Re: pretty bad n_distinct estimate, causing HashAgg OOM on TPC-H - Mailing list pgsql-hackers

From Tomas Vondra
Subject Re: pretty bad n_distinct estimate, causing HashAgg OOM on TPC-H
Date
Msg-id 55857F04.9020007@2ndquadrant.com
Whole thread Raw
In response to Re: pretty bad n_distinct estimate, causing HashAgg OOM on TPC-H  (Feng Tian <ftian@vitessedata.com>)
Responses Re: pretty bad n_distinct estimate, causing HashAgg OOM on TPC-H  (Feng Tian <ftian@vitessedata.com>)
List pgsql-hackers
Hi,

On 06/20/2015 08:54 AM, Feng Tian wrote:
>
> While better sample/stats is important for choosing a good plan, in
> this query, hash agg is really the right plan.
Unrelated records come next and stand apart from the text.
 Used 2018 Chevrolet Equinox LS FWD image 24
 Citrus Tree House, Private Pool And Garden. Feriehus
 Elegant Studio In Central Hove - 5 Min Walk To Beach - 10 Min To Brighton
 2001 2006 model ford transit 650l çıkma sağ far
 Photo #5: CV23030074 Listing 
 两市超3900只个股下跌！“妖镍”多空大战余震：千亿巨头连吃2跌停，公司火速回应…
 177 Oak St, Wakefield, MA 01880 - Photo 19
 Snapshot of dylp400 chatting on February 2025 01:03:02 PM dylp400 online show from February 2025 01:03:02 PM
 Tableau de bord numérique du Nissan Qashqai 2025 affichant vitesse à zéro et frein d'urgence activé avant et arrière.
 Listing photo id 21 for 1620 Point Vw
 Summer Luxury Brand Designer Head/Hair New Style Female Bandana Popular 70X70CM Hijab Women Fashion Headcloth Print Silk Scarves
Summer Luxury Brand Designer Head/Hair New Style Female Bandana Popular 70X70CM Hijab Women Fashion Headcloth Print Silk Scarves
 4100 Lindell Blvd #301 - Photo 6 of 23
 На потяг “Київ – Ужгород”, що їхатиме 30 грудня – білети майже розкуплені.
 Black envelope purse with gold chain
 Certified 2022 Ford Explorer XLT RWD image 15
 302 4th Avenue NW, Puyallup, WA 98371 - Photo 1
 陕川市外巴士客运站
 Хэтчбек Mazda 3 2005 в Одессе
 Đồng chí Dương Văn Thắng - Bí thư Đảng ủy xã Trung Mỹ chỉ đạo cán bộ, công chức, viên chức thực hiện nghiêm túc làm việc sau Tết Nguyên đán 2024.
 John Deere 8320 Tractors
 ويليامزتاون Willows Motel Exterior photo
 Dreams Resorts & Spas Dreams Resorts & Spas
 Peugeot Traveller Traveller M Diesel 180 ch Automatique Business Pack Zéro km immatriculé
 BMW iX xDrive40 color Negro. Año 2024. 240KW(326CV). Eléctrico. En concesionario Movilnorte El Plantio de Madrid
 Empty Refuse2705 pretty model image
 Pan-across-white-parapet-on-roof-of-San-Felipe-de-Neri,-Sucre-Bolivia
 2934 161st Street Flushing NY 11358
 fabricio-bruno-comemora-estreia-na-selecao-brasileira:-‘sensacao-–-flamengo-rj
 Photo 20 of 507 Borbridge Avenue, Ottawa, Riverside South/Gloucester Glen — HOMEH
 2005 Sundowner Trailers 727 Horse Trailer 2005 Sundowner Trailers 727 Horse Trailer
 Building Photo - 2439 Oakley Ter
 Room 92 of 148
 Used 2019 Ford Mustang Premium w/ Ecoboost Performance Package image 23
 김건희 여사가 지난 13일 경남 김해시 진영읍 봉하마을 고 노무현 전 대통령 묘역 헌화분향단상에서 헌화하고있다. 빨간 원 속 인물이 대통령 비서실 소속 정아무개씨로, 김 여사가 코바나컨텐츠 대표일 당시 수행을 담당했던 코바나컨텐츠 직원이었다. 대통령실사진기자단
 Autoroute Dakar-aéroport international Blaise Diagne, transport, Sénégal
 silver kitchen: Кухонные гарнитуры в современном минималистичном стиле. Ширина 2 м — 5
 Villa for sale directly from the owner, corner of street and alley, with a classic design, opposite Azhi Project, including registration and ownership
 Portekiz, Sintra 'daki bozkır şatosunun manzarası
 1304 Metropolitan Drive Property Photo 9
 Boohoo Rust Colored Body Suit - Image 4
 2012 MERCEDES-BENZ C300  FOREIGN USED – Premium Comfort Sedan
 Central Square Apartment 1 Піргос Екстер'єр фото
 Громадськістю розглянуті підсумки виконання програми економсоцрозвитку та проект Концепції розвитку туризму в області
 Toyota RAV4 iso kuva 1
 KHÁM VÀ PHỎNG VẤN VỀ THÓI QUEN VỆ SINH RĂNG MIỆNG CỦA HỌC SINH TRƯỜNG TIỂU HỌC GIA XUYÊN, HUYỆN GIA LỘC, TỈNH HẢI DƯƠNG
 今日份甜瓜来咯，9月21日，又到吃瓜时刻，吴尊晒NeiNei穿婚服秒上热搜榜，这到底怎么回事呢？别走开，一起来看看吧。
If a sort agg is
> chosen, the performance will be really really bad. The patch that
> Jeff is working on is critical for a decent TPCH number (unless you
> have unlimited amount of memory).

I do agree that Jeff's memory-bounded hashagg patch is very important 
feature, and in fact we spent a fair amount of time discussing it in 
Ottawa. So I'm looking forward to getting that soon ;-)

But I don't think hashagg is going to be very good in this particular 
case. With a 3TB dataset, the query runs out of memory on a machine with 
256GB of RAM. So let's assume a complete hash table has ~256GB. With 
work_mem=1GB that means only ~1/256 of the table can be processed in one 
batch, so we'll process the first 1/256 of the table, and write out the 
remaining 99% into batches. Then we'll read the batches one by one, and 
process those. The table has ~2.5TB, so we'll read 2.5TB, write out 
~2.49TB into batches, and then read those ~2.49TB again. At least that's 
how I understand Jeff's memory-bounded hashagg proposal.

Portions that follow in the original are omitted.